Spraying is effective. Areas that were sprayed, have very less virus cases but not spraying in correct areas caused more West Nile Virus cases <br></br>

In [None]:
fig2 = px.scatter_mapbox(mosquito_areas_wnv, lat = 'Latitude', lon  = 'Longitude', color = 'WnvPresent',
                        size = 'NumMosquitos', color_continuous_scale=px.colors.cyclical.IceFire,
                        hover_data = ['NumMosquitos', 'WnvPresent'],
                       zoom = 9)

fig3 = px.scatter_mapbox(train, lat = 'Latitude', lon  = 'Longitude',
                        size_max=15, zoom = 10, color_discrete_sequence = ['lemonchiffon'])

#below is one way to plot multiple graphs on the same plot. 
#print figure object as is to see the elements inside
fig2.add_trace(fig3.data[0]) 

fig2.update_layout(mapbox_style='dark')

fig2.update_layout( title = 'Traps - West Nile Virus and Mosquito clusters',
                width=500,
    height=700,)


But traps were setup, in all places with West Nile Virus. 
Especially in the big clusters.
Cant say conclusively if Traps are helping.

# Analyzing species

In [None]:
species_vs_virus = train[['Species', 'WnvPresent']].groupby('Species', as_index = False).sum()

In [None]:
species_vs_virus

In [None]:
fig = px.bar(species_vs_virus, x = 'Species', y = 'WnvPresent')
fig.update_layout(
    title="West Nile Virus count vs Species",
    xaxis_title="Species",
    yaxis_title="West Nile Virus Present",)
fig.show()


CULEX PIPIENS cause most west nile virus

# Analyzing impact of weather on mosquitos and disease

In [None]:
weather.head()

In [None]:
weather['Tavg'].unique()

In [None]:
weather[weather['Tavg']=='M']
# Only 11 rows, so drop these for now.

In [None]:
weather.drop(weather[weather['Tavg']=='M'].index, axis = 0, inplace = True)

In [None]:
weather.reset_index(drop = True)

In [None]:
weather.columns

In [None]:
weather['Tavg'] = weather['Tavg'].astype(int) 

In [None]:
weather_imp = weather.groupby(['Date'], as_index = False)[['Tavg']].mean()

In [None]:
weather_imp

In [None]:
mosquitos_date_wise = train.groupby(['Date'], as_index = False)[['NumMosquitos']].sum()
wnv_date_wise = train.groupby(['Date'], as_index = False)[['WnvPresent']].sum()

In [None]:
wnv_mosquitos_dw = pd.merge(mosquitos_date_wise,wnv_date_wise, on = 'Date')
weather_df = pd.merge(wnv_mosquitos_dw, weather_imp)

In [None]:
weather_df

In [None]:
fig = px.scatter(weather_df, x="Tavg", y="NumMosquitos",
                 size='WnvPresent')

fig.update_layout(
    title="Mosquitos vs Average temperature",
    xaxis_title="Average Temperature in Fahrenheit",
    yaxis_title="Number of Mosquitos",)
fig.show()

Mosquitos and West Nile Virus are less prevalent on colder days.
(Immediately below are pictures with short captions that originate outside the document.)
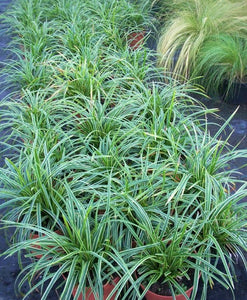 1 Gal. Ice Dance Japanese Sedge Grass - Colorful, Small, Easy Growing Variegated Evergreen Grass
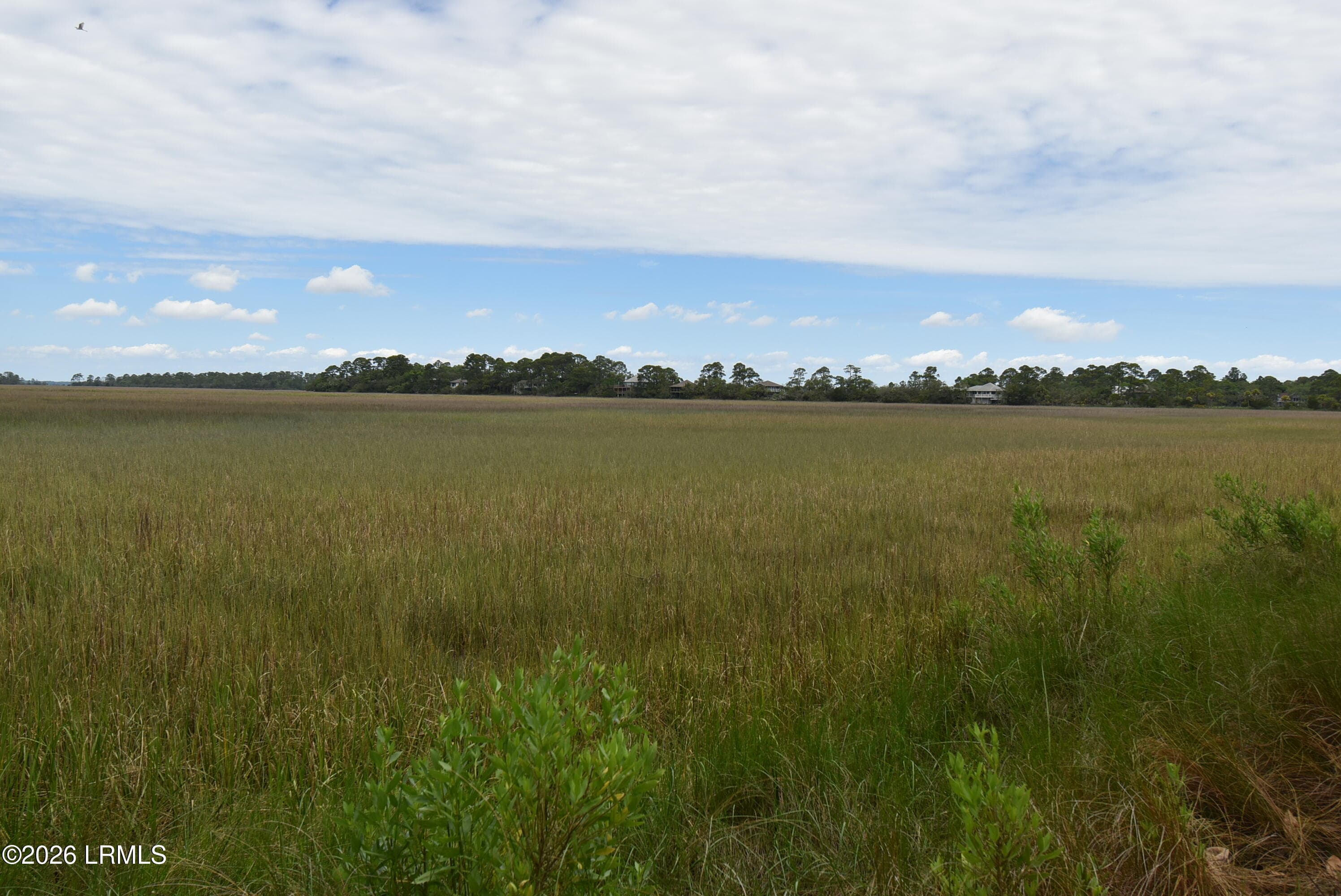 Rear View - 831 Marsh Dunes Road, Fripp Island, SC 29920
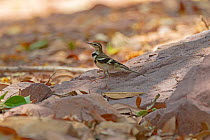 Forest wagtail (Dendronanthus indicus) on sand. Simao, Pu&#39;er Prefecture, Yunnan Province, China
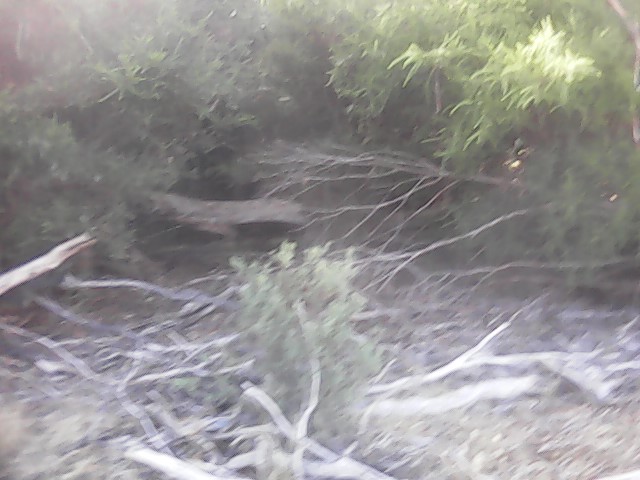 On Building a society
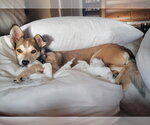 Small #2 Mutt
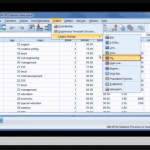 IBM SPSS 3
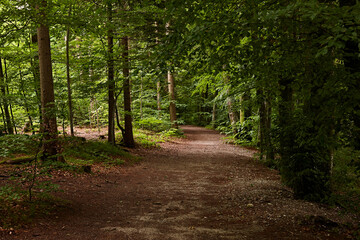 Spazierweg in grünem Wald / quer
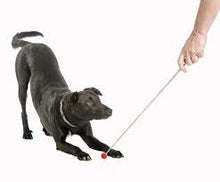 Load image into Gallery viewer, Company of Animals Dog Training Metal Telescopic Target Stick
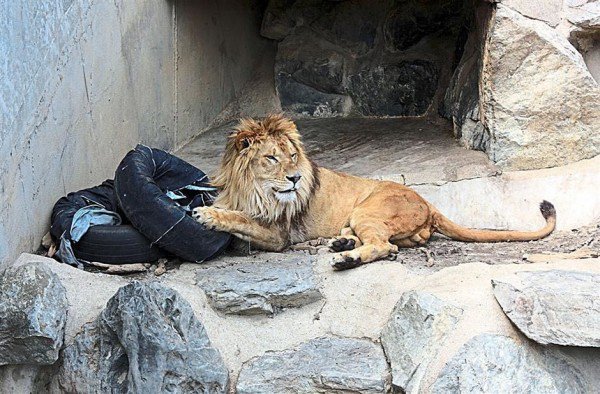 Λιοντάρια… σχεδιάζουν τζιν παντελόνια! [photos] - Φωτογραφία 2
Looks like higher temperature suits them. Similar analysis can be done on heat, precipitation etc.

**Conclusions:** <br></br>
Spraying needs to be done effectively. Not spraying in correct areas caused more West Nile Virus cases <br></br>
The disease and mosquitos thrive on Hotter days<br></br>
CULEX PIPIENS/RESTUANS Species of mosquito is the cause for most cases.